Information is data that is significant to the observer because of its significance to the observer. Knowledge consists of information supported by intention or direction. We can say that knowledge is what turns information into instructions (recipes). Critics of the DIKW concept suggest that this notion of knowledge can be useful (and effective) in a business context, but does not agree well with what has been thought of as knowledge for thousands of years. According to DIKW, knowledge is the result of filtering information, while "traditional" knowledge and related processes, not to mention wisdom, are the result of more complex processes: social, cultural, etc. That is, DIKW gives a distorted and simplified representation of knowledge and wisdom. However, "the distinctive characteristics of knowledge are still subject to ambiguity in philosophy," and the answer to the question, "Where do you see the difference between data and information?" very few specialists, even from the IT sphere, can give. Therefore, the introduction of the data-information-knowledge relationship, albeit in a simplified form, is undoubtedly useful.
Data Science Life Cycle
The figure below illustrates the five stages of the data science life cycle:
- Capture (capture) — data collection, data input, signal reception, data extraction).
- Maintain (support) — data storage, data cleansing, data preparation, data processing, data architecture).

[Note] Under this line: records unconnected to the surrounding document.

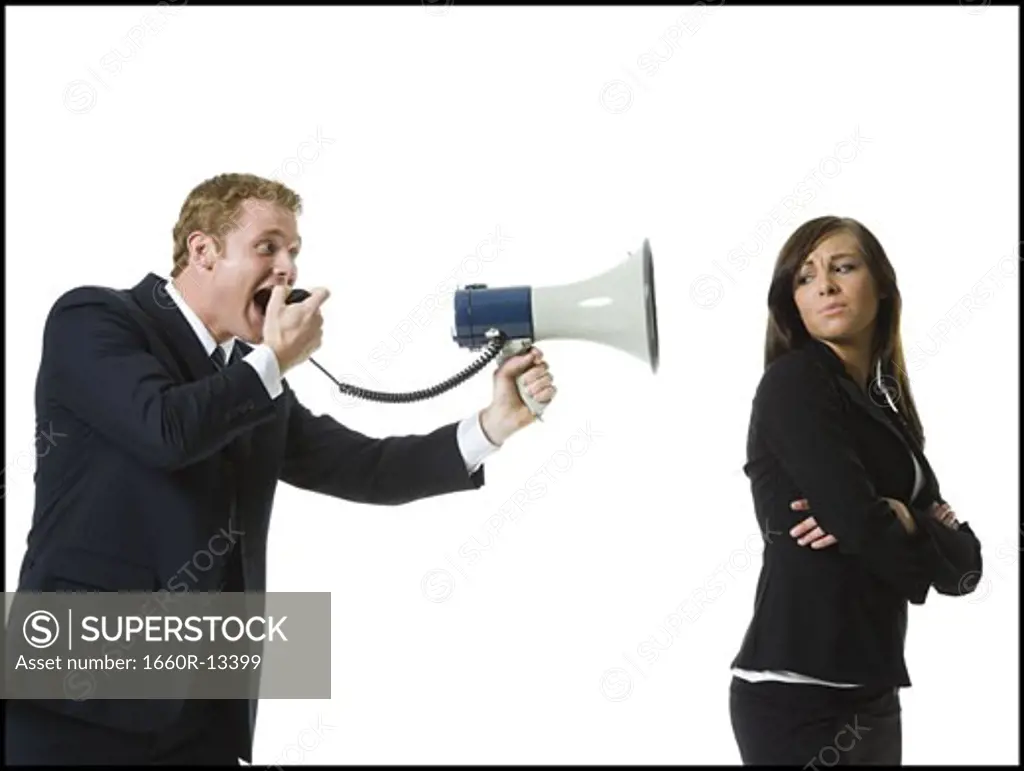 Profile of a businessman shouting into a megaphone with a teenage girl back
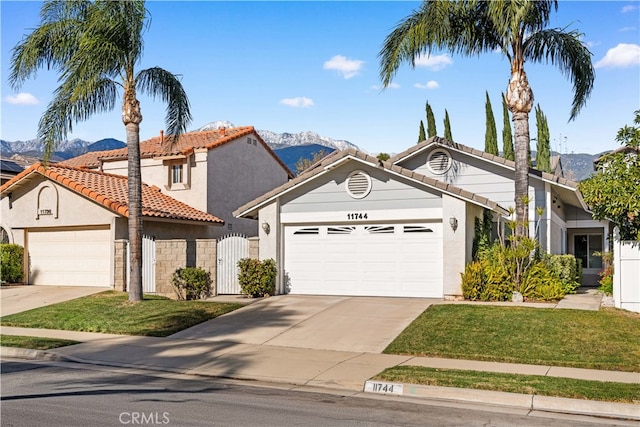 view of front of house with a mountain view, a front yard, and a garage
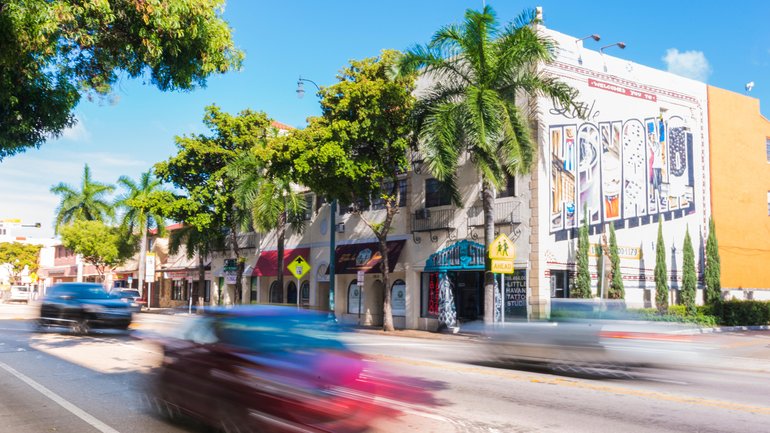 Cars zoom down the famous street Calle Ocho.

- Process — Data Mining, Clustering / Classification, Data Modeling, Data Synthesis).
- Analyze — search / confirmatory, predictive analysis, regression, text analysis, qualitative analysis).
- Communicate (communicating results) — data transfer, data visualization, business intelligence, decision making).

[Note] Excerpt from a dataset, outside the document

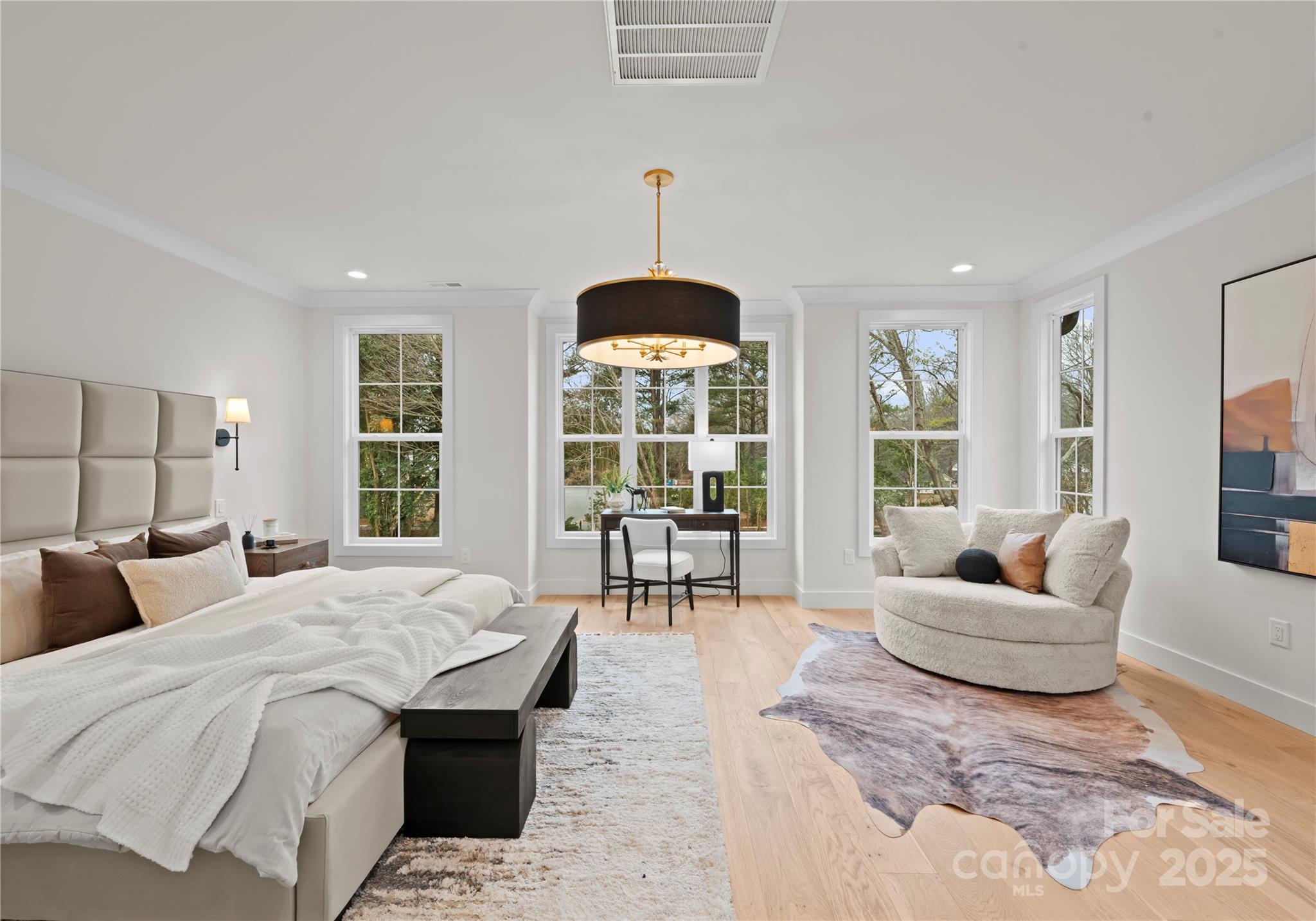 1641 Longfellow Street Charlotte, NC 28205 - Photo 28 of 48 a living room with furniture and a chandelier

Accordingly, a Data Scientist must be able not only to mine and analyze, but also to process large amounts of data, and use a variety of tools. There is no unambiguous description of this profession yet, and it is unlikely to appear in the near future — too much depends on the scope of application of data skills.
The main tasks of a Data Scientist
A data scientist should be able to:
- extract the necessary information from a variety of sources;
- use information flows in real-time;
- to establish hidden patterns in data sets;
- statistically analyze them to make smart business decisions.
The data scientist must be curious and result-oriented, have a good knowledge of the industry in which he works, and have good communication skills that will allow him to explain the obtained technical results to his “non-technical” colleagues. He must have significant experience in statistics and linear algebra, as well as knowledge in programming, data warehousing, mining, and modeling to build and analyze algorithms.